On November 27th at AWS re:Invent, Amazon Web Services, Inc. (AWS) announced AWS Ground Station. Ground Station is a new service that enables customers to download data from satellites into AWS Global Infrastructure Regions using a fully managed network of 12 ground station antennas located around the world. Using AWS Ground Station, customers can save up to 80 percent of their ground station costs by paying for antenna access time on demand.

The graphical interface allows you to identify antenna locations and communications windows, then schedule by-the-minute time on the appropriate antenna. Amazon also says you can cancel or reschedule prior to the scheduled contact time. Because many AWS Ground Station antennas are co-located with AWS Regions, customers have low-latency, local access to other AWS services to process and store this data. One example Amazon gives is: use Amazon EC2 to control satellites and downlink data to store and share the data in Amazon S3, then use Amazon Virtual Private Cloud (Amazon VPC) for secure communications between Amazon EC2 instances, and finally hunt for real-time business insights with Amazon Kinesis Data Streams and Amazon Elastic Map Reduce.

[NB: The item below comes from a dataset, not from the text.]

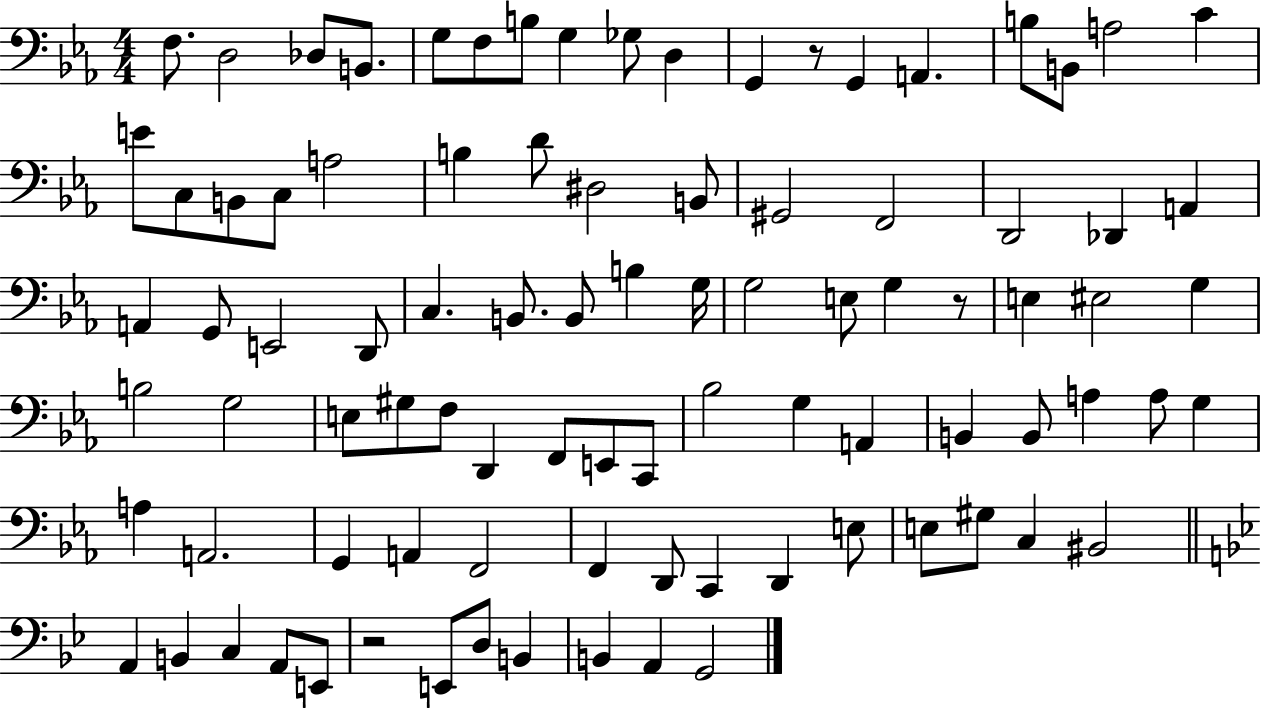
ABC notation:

Not content with radically expanding their services to include downloading data from satellites orbiting the planet in space, Amazon Web Services announced several other new services and updates of interest. AWS launched Private Marketplace this week as well as a number of new IoT applications.

AWS Private Marketplace is essentially a customizable version of AWS Marketplace. Marketplace is AWS's curated digital catalog of third-party software. It now counts 160 container products that can be deployed on Amazon Elastic Container Service (Amazon ECS) and Amazon ECS for Kubernetes (Amazon EKS). Private Marketplace allows IT admins to create customized catalogs of a subset of the full marketplace. This is useful for keeping track of which third-party vendors that align with an organization’s vendor and product policies or just for earmarking commonly used products to save time trawling through the full catalog.

AWS announced four new IoT focused services:

  • AWS IoT Greengrass Connectors (available today) is a new feature of AWS IoT Greengrass intended to provide better interfacing with third-party applications. Or perhaps its better described as a series of features. AWS provides a list of 11 connector interfaces for Greengrass including one that allows reads and writes to a serial port on the core device!
  • AWS IoT SiteWise (available in preview) is a managed service that collects data from the plant floor, structures. It then labels the data, and generates real-time key performance indicators to allow for data-driven decisions.
  • AWS IoT Events (available in preview) is a managed service that makes it easy for industrial, consumer, and commercial customers to detect and respond to events from many different IoT sensors and applications. Events are patterns of data that identify changes in equipment like a conveyor belt becoming stuck or a motion sensor detecting movement after hours. Using IoT Events, customers can easily detect events like this at massive scale by analyzing data across thousands of IoT sensors and hundreds of equipment management applications in real time. For example, when temperature changes indicate that a freezer door is not sealing properly, business logic can be used through AWS IoT Events to send a text message to a service technician.
  • AWS IoT Things Graph (available in preview) is basically a very sophisticated WYSIWYG development tool. Amazon is claiming that it will allow developers to build IoT applications by representing devices and cloud services as reusable models that can be combined through a visual drag-and-drop interface, instead of writing low-level code. Depending on how well this works, it could be a huge time and costs savings.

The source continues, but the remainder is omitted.